Wednesday, February 6, 2013

'War' is declared as city plans luxury development in the middle of public housing

Here we go.

The Daily News reports today that the cash-strapped New York City Housing Authority (NYCHA) is planning on leasing playground and community center space for luxury high-rises

Per the article:

[T]he agency plans to lease out land to private developers who will then build some 3 million square feet of luxury apartments smack in the middle of Manhattan housing projects.

Internal documents obtained by the Daily News show the planned 4,330 apartments in eight developments are all in hot real estate neighborhoods, including the upper East and West Sides, the lower East Side and lower Manhattan.

Of the new units, 20 percent will be set aside as "affordable" — designated for families with net income of $50,000 or less.

But will the richies want to live so close to the poors? Not to worry! Per the article: "The new luxury towers will face away from the old, deteroriating affordable housing."

As the Daily News put it: "The housing authority is planning its very own Tale of Two Cities."

On the Lower East Side, a parking lot at the Baruch Houses will be redeveloped into luxury towers. There are also plans to lease a parking garage at Campos Plaza on Avenue C.

Meanwhile, residents are mobilizing against the plan.

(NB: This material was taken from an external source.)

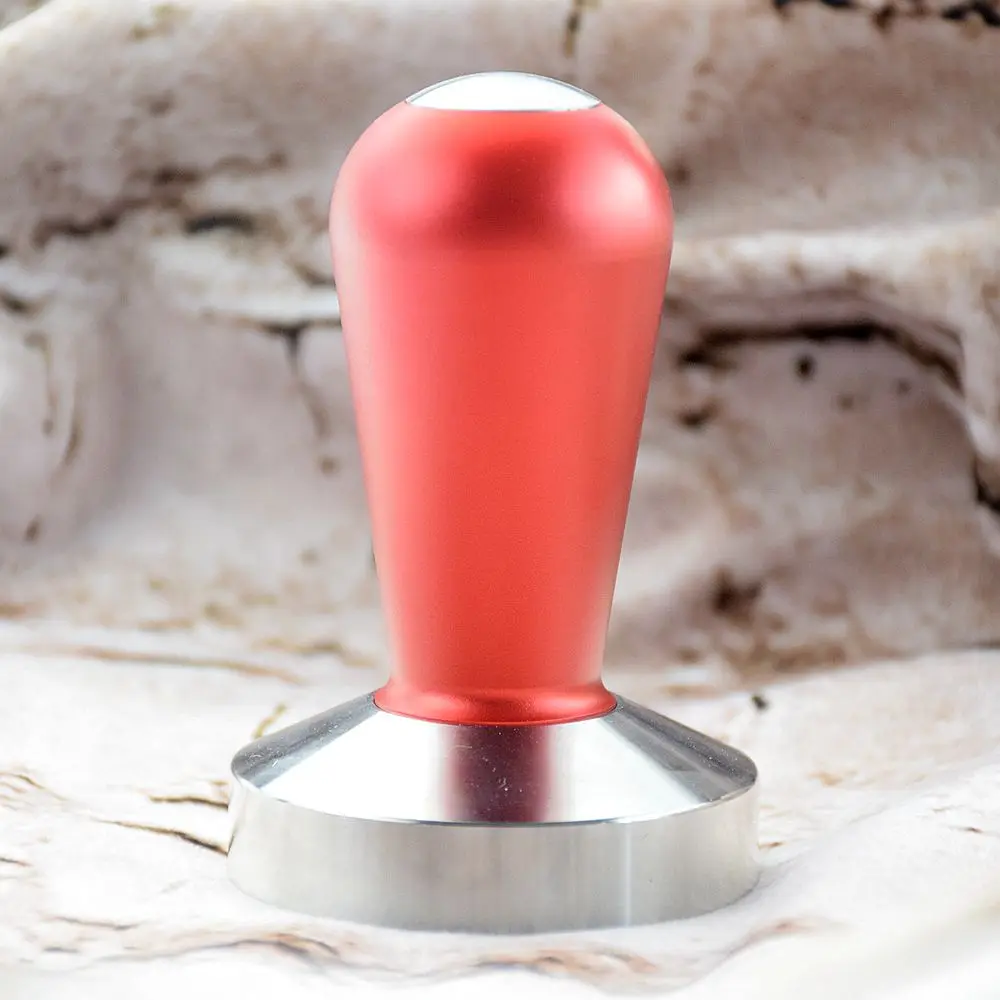 Молоток для кофе с алюминиевой ручкой и основанием из нержавеющей стали 304 58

The Lo-Down has details from last night's CB3 Land Use Committee meeting, where Smith Houses Tenant President Aixa Torres warned: "This is a travesty," she said. "We are not going to take this… When no one wanted to live here, we stayed… if you want a war, you got a war."

The upside for the NYCHA: They expect to generate $31 million to $46 million in annual lease payments, "all of which will go toward fixing up deteriorating buildings. The agency currently has a backlog of 420,000 repair orders and faces a $60 million budget gap annually," the Daily News reported.


Shawn G. Chittle said...

In the grand history of bad ideas in New York City, this may just top the Robert Moses plan to put a highway through the Village.

The NYCHA has officially lost its mind. Lost. It.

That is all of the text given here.